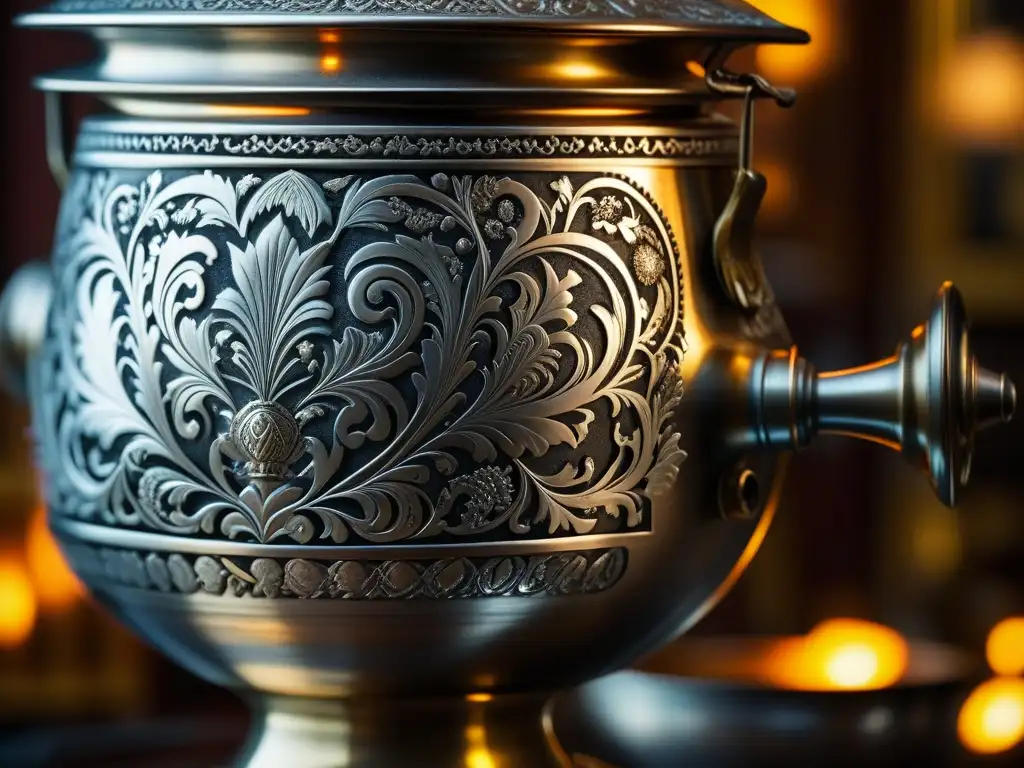 Un samovar ruso tradicional, con grabados detallados y vapor, refleja la cultura zarista y la historia de Sbiten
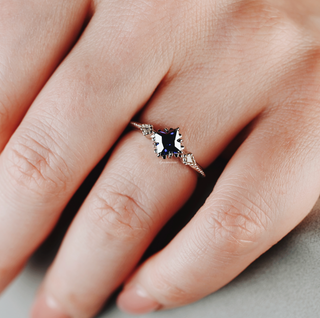 Princess Cut Blue Sapphire Engagement Ring- 925 Sterling Silver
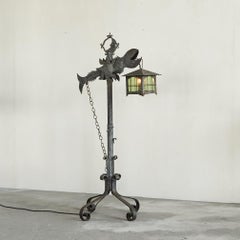 Whimsical and Unique Brutalist Fish Lantern Floor Lamp in Wrought Iron 1960s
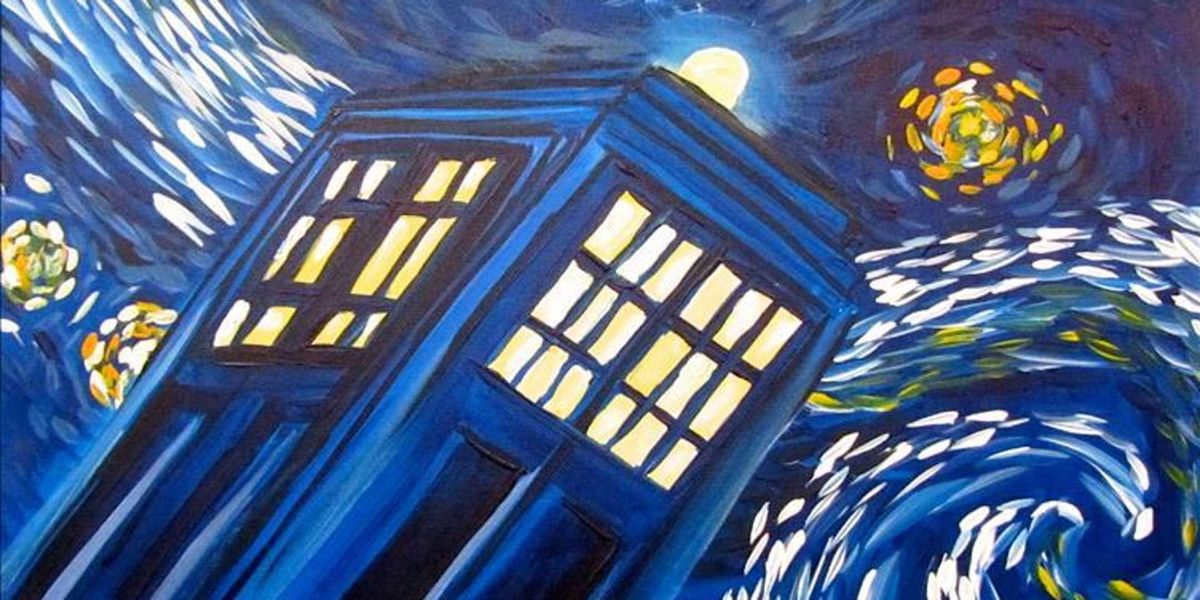 Phonebooth on a Starry Night Paint and Sip by Classpop!™, Painting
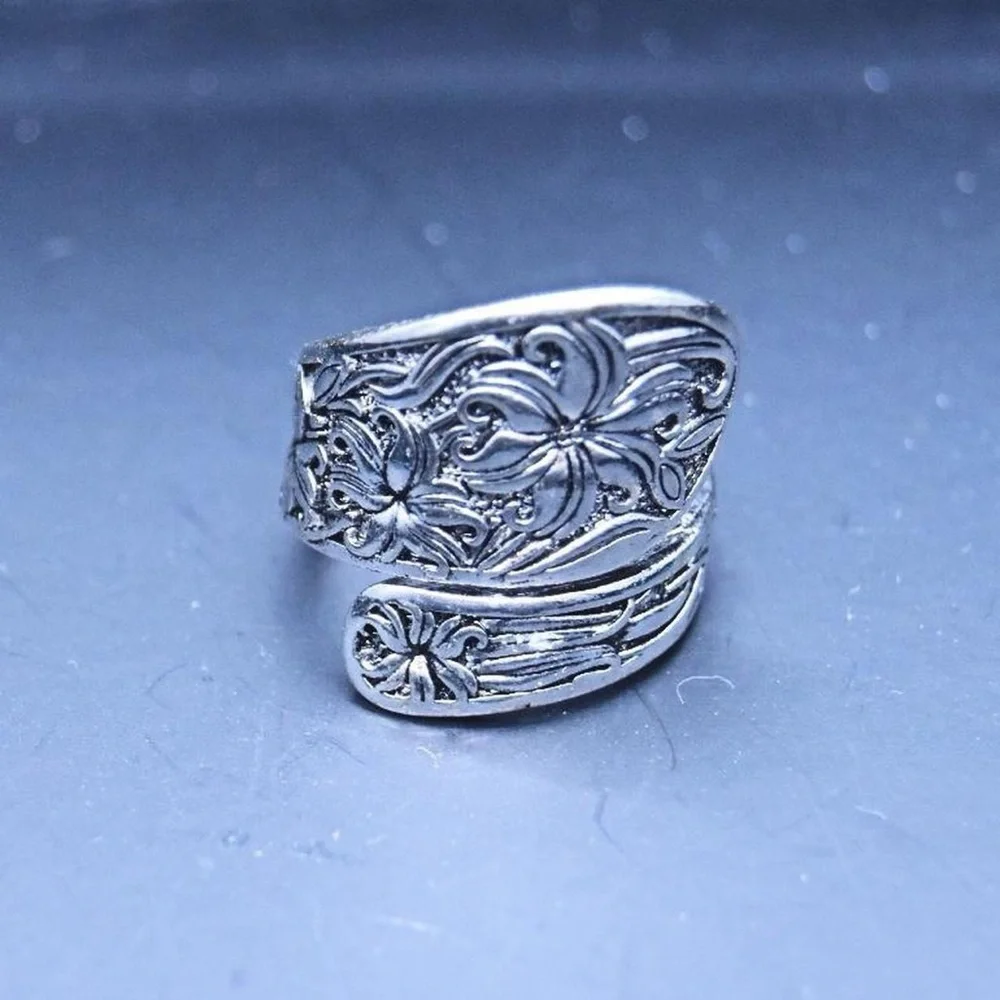 Silver Spoon Ring with Flower Design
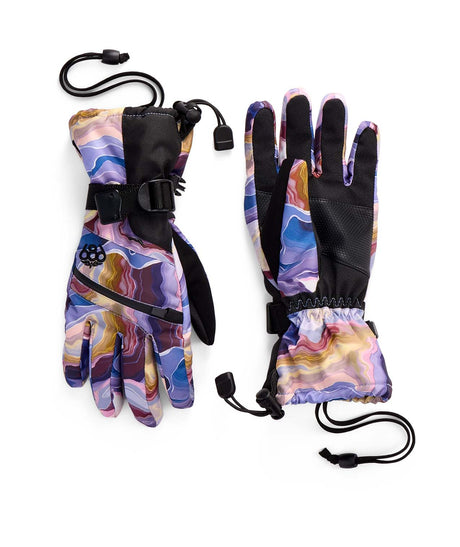 YouthUnisexHeatInsulatedGlove-Pair of colorful gloves with black straps on a white background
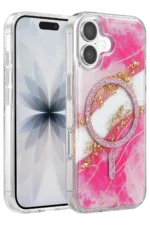 Onegif Apple iPhone 17 Lotus Simli Magsafe Kapak - Pembe
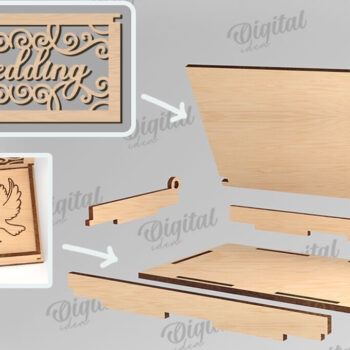 Intra απο ξύλο plywood 3mm-4mm πάχος – Κουτί βέρας με λέιζερ. 3D Ring Box Δίασταση  20x20 cm INTRAFABR-113845208 - Image 2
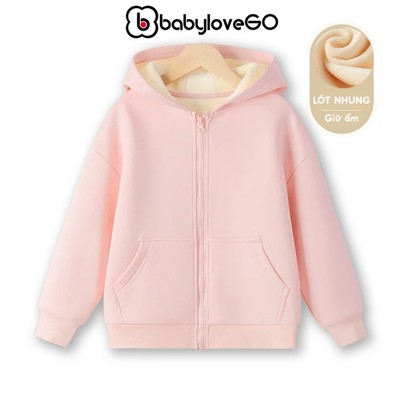 Áo khoác nỉ lót lông cho bé gái BabyloveGO 2026 áo nỉ có mũ và khóa kéo tiện lợi cho bé AKN04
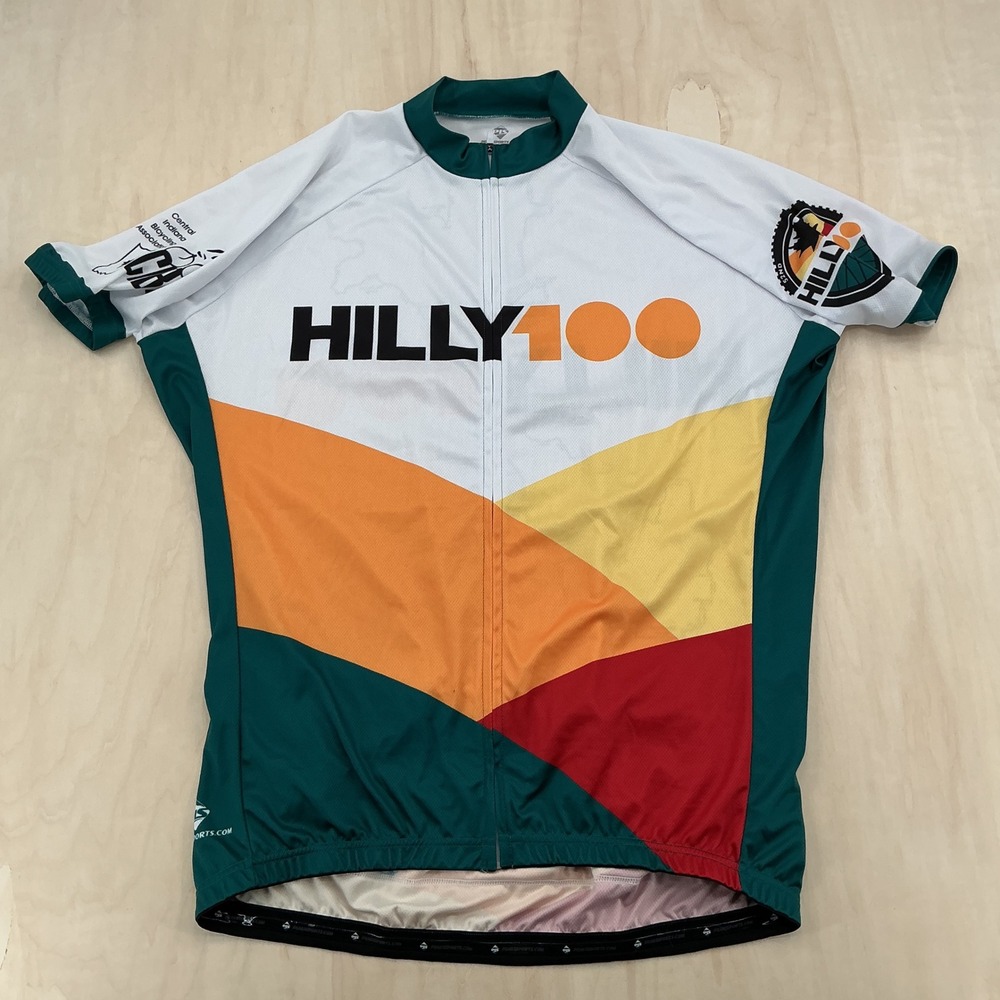 Peak Sports Hilly 100 Cycling Jersey Unisex 2XL Green Orange 2019 Event Sporty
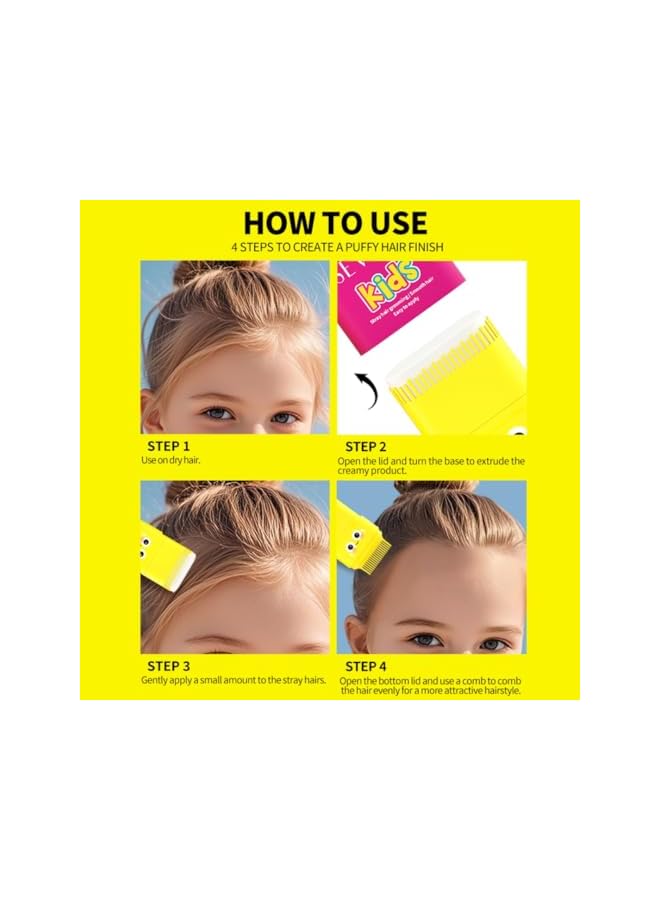Sevich Hair Wax Stick for Kids, Hair Styling Gel for Kids, Broken Hairs Finishing Stick Cream for Toddlers, Kid Hairs Style Product, Long Lasting Wax Stick Built-In Comb Retractable Styling 15G - Image 5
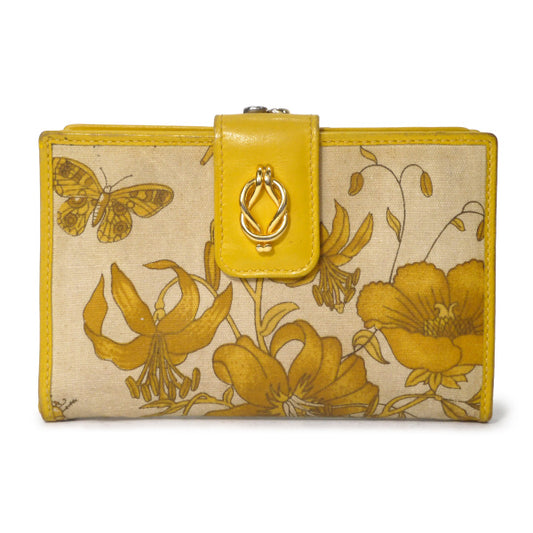 OLD Gucci　＜訳あり＞フローラがま口ミドル折財布（黄）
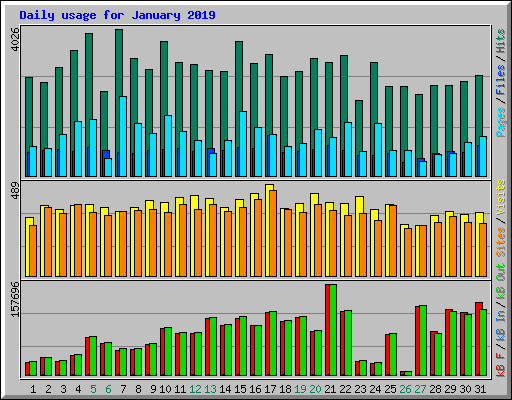 Daily usage for January 2019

**Work item**
Print, exactly and without pictures, the lines from the one holding "YouthUnisexHeatInsulatedGlove-Pair of colorful" through the last line of the entries above, both included.

**Answer to the problem**
 YouthUnisexHeatInsulatedGlove-Pair of colorful gloves with black straps on a white background
 Onegif Apple iPhone 17 Lotus Simli Magsafe Kapak - Pembe
 Intra απο ξύλο plywood 3mm-4mm πάχος – Κουτί βέρας με λέιζερ. 3D Ring Box Δίασταση  20x20 cm INTRAFABR-113845208 - Image 2
 Áo khoác nỉ lót lông cho bé gái BabyloveGO 2026 áo nỉ có mũ và khóa kéo tiện lợi cho bé AKN04
 Peak Sports Hilly 100 Cycling Jersey Unisex 2XL Green Orange 2019 Event Sporty
Sevich Hair Wax Stick for Kids, Hair Styling Gel for Kids, Broken Hairs Finishing Stick Cream for Toddlers, Kid Hairs Style Product, Long Lasting Wax Stick Built-In Comb Retractable Styling 15G - Image 5
 OLD Gucci　＜訳あり＞フローラがま口ミドル折財布（黄）
 Daily usage for January 2019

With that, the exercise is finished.